Energy Mad sticks with forecast
Energy-efficient light bulb manufacturer Energy Mad is sticking with its prospectus forecast for the next year of a $4 million profit after falling well short of its inaugural profit forecast.
The company released its annual result today posting a $1.1m loss for the year to March 31, well under its prospectus forecast of a $3.12m of profit.
Energy Mad raised just over $5 million and listed on the New Zealand Stock Exchange in October last year.
It is the company's first annual result since listing. The loss was also a lot larger than
its $100,000 loss for the March 2011 year.
Revenue of $6.2m for the March 2012 year was less than half the $13.6m forecast in the prospectus.
Managing director Chris Mardon said the board was disappointed with the way the year had gone.

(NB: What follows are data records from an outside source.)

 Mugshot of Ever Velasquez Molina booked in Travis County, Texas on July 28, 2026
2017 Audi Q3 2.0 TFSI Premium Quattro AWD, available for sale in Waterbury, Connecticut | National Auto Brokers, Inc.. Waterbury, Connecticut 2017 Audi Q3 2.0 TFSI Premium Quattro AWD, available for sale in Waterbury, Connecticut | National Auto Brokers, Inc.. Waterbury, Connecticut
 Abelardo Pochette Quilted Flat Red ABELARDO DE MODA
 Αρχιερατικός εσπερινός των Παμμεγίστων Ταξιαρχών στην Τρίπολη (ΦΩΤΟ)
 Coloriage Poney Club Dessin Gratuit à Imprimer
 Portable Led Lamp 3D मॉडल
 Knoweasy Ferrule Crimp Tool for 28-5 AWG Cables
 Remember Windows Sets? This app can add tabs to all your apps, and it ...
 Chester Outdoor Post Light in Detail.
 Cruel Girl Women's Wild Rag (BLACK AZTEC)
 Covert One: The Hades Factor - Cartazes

The prospectus forecast for the year to March 2013 was $21.3m in revenue and $4m in net profit.
''We are committed to delivering that. We have some work to do obviously because it's a big step up. Certainly securing Walgreen makes a big difference. It's an initial order (of $1.7m) but there should be other orders throughout the year that are of a comparable size.''
Energy Mad business was very scalable. It could increase sales but expenses would not increase by the same amount, he said.
The agreement to supply the huge Walgreen drug store chain in the United States was pivotal and Energy Mad had thrown resources into that in the past year. It had a $1.7m order and expected more in the future.
The company encountered a number of problems last year contributing to undershooting its forecasts.
The main ones were being short of cash before the IPO (initial public offering of shares in October) and so being unable to fulfil large orders in Australia, production problems at the factory in China - of which Energy Mad owns 20 per cent - with its new energy-efficient downlights, taking more time than expected to secure accreditation with Australian authorities for its lightbulbs and to secure a big new customer in the United States.
The company had net assets of $7.4m at balance date after the IPO.
During the year it had secured a $2m banking facility with the Hong Kong and Shanghai Banking Corporation.
Having Walgreen as a distributor would provide Energy Mad with the opportunity to secure and deliver electricity utility projects in the United States, Mardon said.
Australia is its biggest market. To meet regulations around energy efficiency, Australian power retailers were marketing and selling for large discounts Energy Mad's light bulbs to their customers. In the March 2012 year, Australian sales amounted to $4.45m.